(Beginning of Input data)

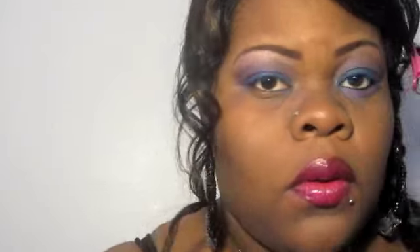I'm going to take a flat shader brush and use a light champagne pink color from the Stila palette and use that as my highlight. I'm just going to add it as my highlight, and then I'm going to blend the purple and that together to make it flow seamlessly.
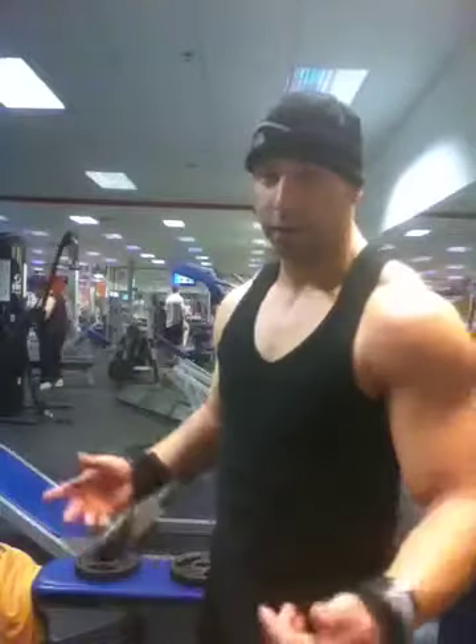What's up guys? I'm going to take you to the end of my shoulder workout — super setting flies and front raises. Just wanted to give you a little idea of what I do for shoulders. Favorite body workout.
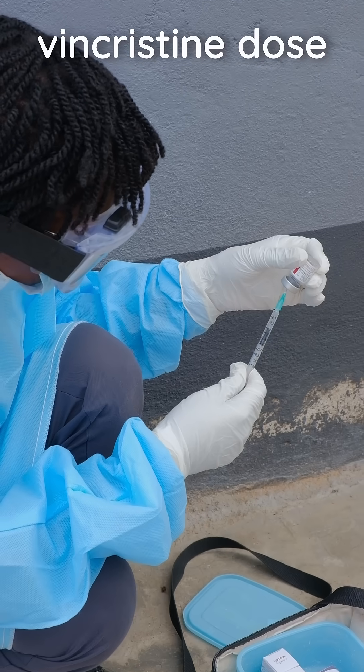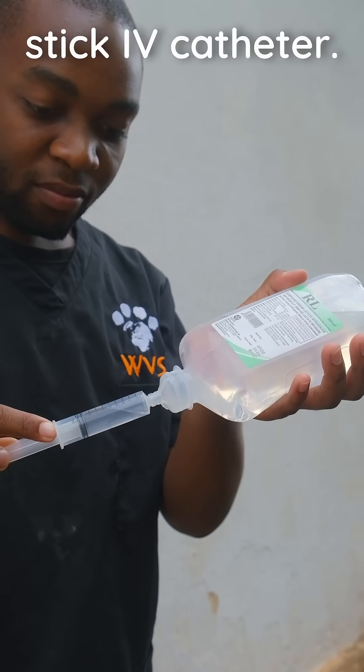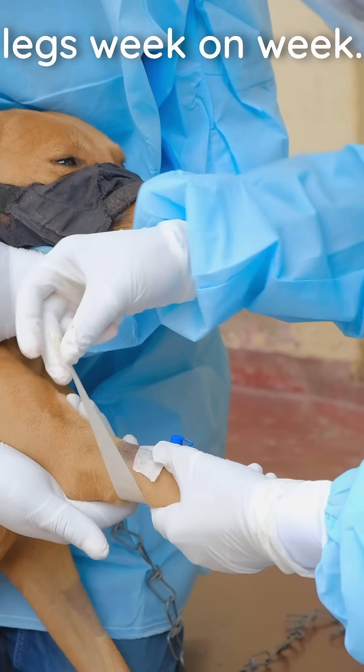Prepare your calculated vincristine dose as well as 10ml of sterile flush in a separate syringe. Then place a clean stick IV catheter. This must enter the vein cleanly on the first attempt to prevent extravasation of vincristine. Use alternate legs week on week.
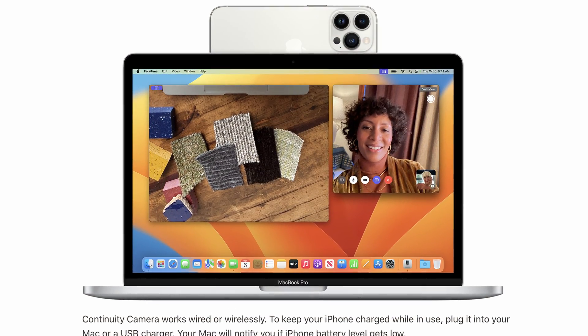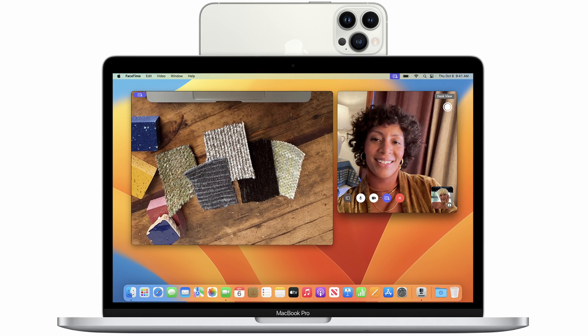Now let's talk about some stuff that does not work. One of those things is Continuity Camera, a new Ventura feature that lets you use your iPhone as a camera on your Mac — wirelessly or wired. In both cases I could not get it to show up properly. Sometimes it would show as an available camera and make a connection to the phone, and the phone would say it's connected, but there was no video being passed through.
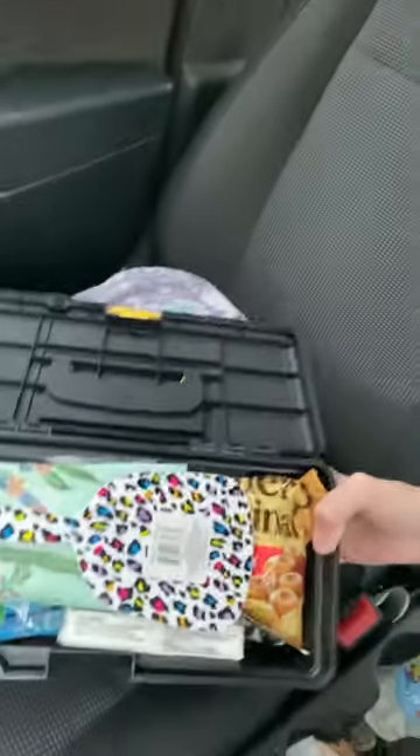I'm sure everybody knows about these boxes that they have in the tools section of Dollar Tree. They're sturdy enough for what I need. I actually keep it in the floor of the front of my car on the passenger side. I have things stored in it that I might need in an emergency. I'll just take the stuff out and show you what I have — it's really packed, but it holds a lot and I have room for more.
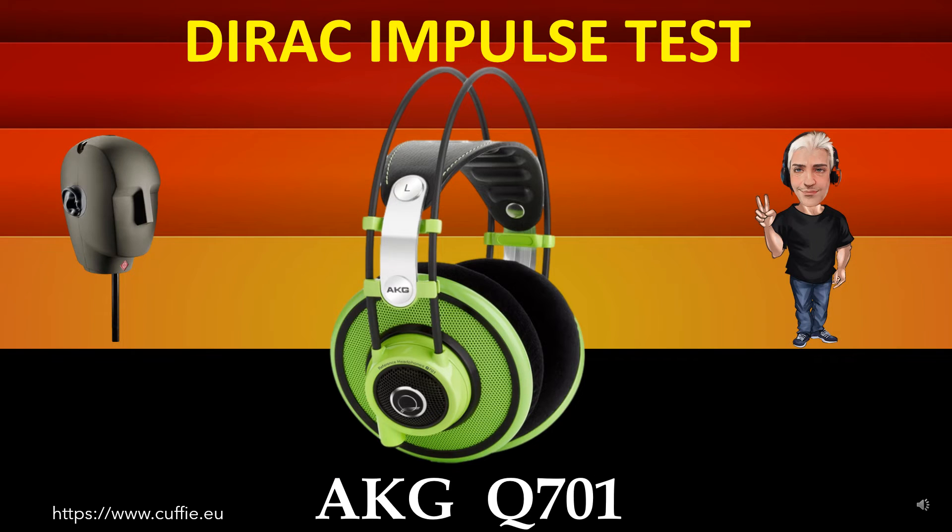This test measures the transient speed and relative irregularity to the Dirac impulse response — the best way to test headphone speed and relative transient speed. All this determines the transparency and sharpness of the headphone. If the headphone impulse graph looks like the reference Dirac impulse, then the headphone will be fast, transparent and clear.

(End of Input data)

- What to do: Pictures are to be left out; the listing above is otherwise to be copied exactly.

- Output of the exercise:
I'm going to take a flat shader brush and use a light champagne pink color from the Stila palette and use that as my highlight. I'm just going to add it as my highlight, and then I'm going to blend the purple and that together to make it flow seamlessly.
What's up guys? I'm going to take you to the end of my shoulder workout — super setting flies and front raises. Just wanted to give you a little idea of what I do for shoulders. Favorite body workout.
Prepare your calculated vincristine dose as well as 10ml of sterile flush in a separate syringe. Then place a clean stick IV catheter. This must enter the vein cleanly on the first attempt to prevent extravasation of vincristine. Use alternate legs week on week.
Now let's talk about some stuff that does not work. One of those things is Continuity Camera, a new Ventura feature that lets you use your iPhone as a camera on your Mac — wirelessly or wired. In both cases I could not get it to show up properly. Sometimes it would show as an available camera and make a connection to the phone, and the phone would say it's connected, but there was no video being passed through.
I'm sure everybody knows about these boxes that they have in the tools section of Dollar Tree. They're sturdy enough for what I need. I actually keep it in the floor of the front of my car on the passenger side. I have things stored in it that I might need in an emergency. I'll just take the stuff out and show you what I have — it's really packed, but it holds a lot and I have room for more.
This test measures the transient speed and relative irregularity to the Dirac impulse response — the best way to test headphone speed and relative transient speed. All this determines the transparency and sharpness of the headphone. If the headphone impulse graph looks like the reference Dirac impulse, then the headphone will be fast, transparent and clear.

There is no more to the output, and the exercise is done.